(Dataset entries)
########################################

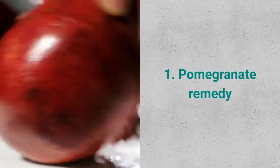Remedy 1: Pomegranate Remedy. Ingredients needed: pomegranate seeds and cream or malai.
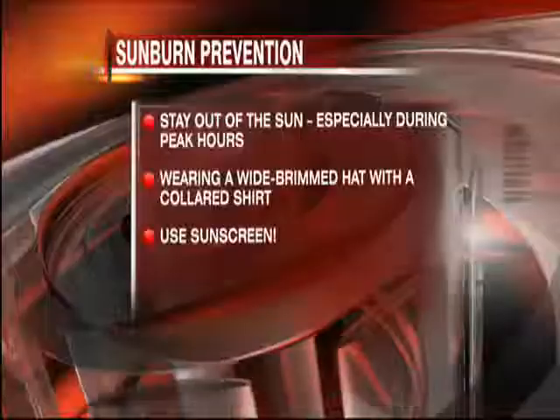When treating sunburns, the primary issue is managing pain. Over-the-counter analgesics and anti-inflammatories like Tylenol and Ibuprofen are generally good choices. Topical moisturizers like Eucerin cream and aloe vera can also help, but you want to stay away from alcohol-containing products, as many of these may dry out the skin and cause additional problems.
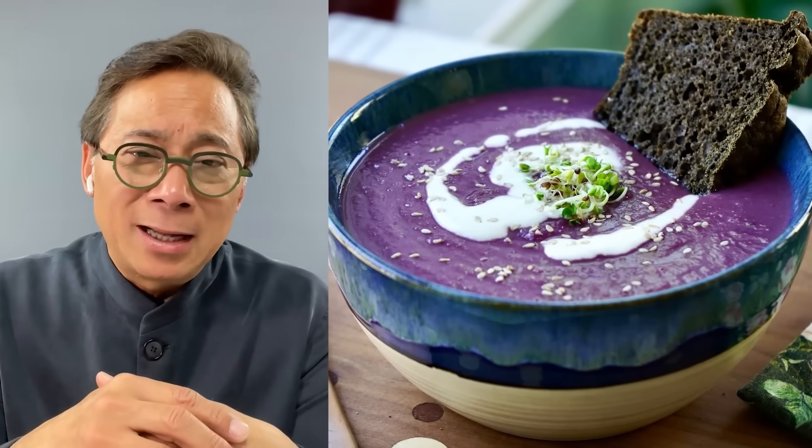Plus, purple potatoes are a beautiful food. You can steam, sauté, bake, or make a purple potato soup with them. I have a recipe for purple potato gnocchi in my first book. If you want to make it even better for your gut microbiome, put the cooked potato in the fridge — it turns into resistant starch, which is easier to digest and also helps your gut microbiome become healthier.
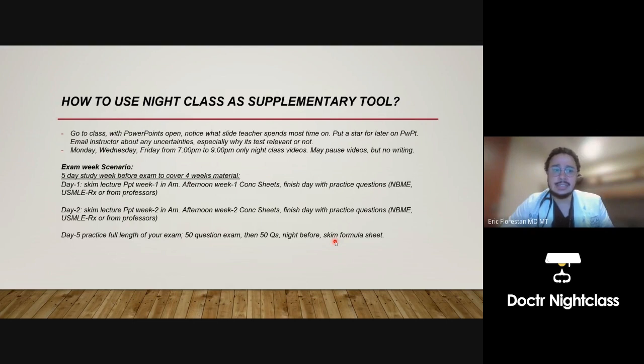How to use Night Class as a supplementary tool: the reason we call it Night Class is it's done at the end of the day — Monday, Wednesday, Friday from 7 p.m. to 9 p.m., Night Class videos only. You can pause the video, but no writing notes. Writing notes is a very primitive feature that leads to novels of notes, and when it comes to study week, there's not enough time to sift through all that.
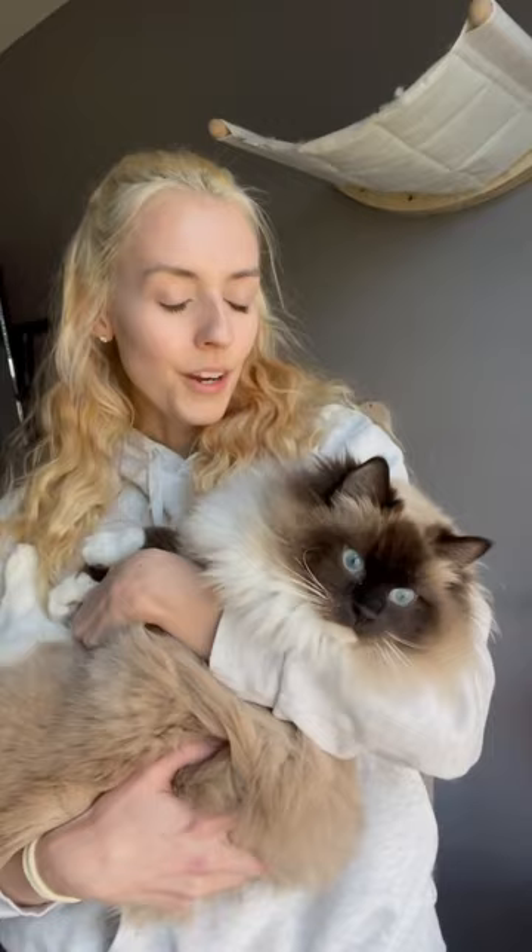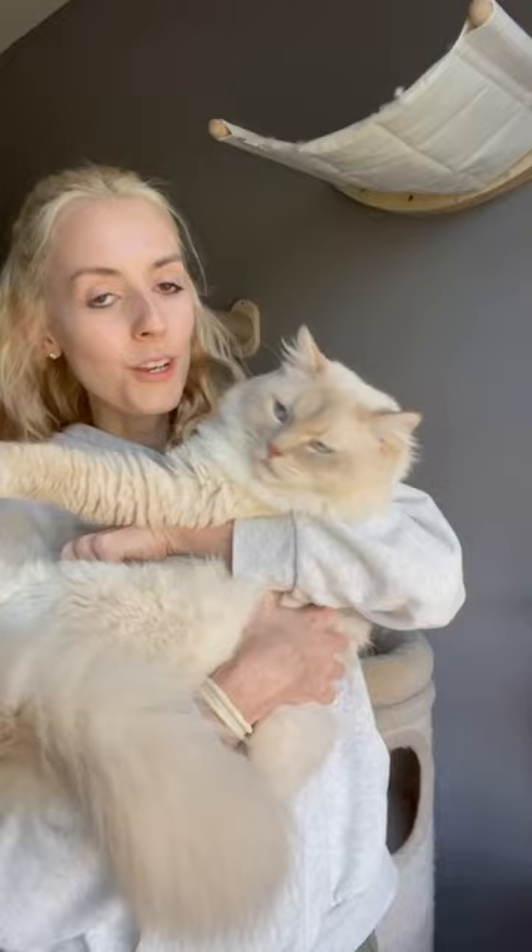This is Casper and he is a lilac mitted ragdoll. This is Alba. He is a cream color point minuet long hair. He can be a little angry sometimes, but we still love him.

########################################

All records above are to be output verbatim, with their pictures omitted.

Solution below —
Remedy 1: Pomegranate Remedy. Ingredients needed: pomegranate seeds and cream or malai.
When treating sunburns, the primary issue is managing pain. Over-the-counter analgesics and anti-inflammatories like Tylenol and Ibuprofen are generally good choices. Topical moisturizers like Eucerin cream and aloe vera can also help, but you want to stay away from alcohol-containing products, as many of these may dry out the skin and cause additional problems.
Plus, purple potatoes are a beautiful food. You can steam, sauté, bake, or make a purple potato soup with them. I have a recipe for purple potato gnocchi in my first book. If you want to make it even better for your gut microbiome, put the cooked potato in the fridge — it turns into resistant starch, which is easier to digest and also helps your gut microbiome become healthier.
How to use Night Class as a supplementary tool: the reason we call it Night Class is it's done at the end of the day — Monday, Wednesday, Friday from 7 p.m. to 9 p.m., Night Class videos only. You can pause the video, but no writing notes. Writing notes is a very primitive feature that leads to novels of notes, and when it comes to study week, there's not enough time to sift through all that.
This is Casper and he is a lilac mitted ragdoll. This is Alba. He is a cream color point minuet long hair. He can be a little angry sometimes, but we still love him.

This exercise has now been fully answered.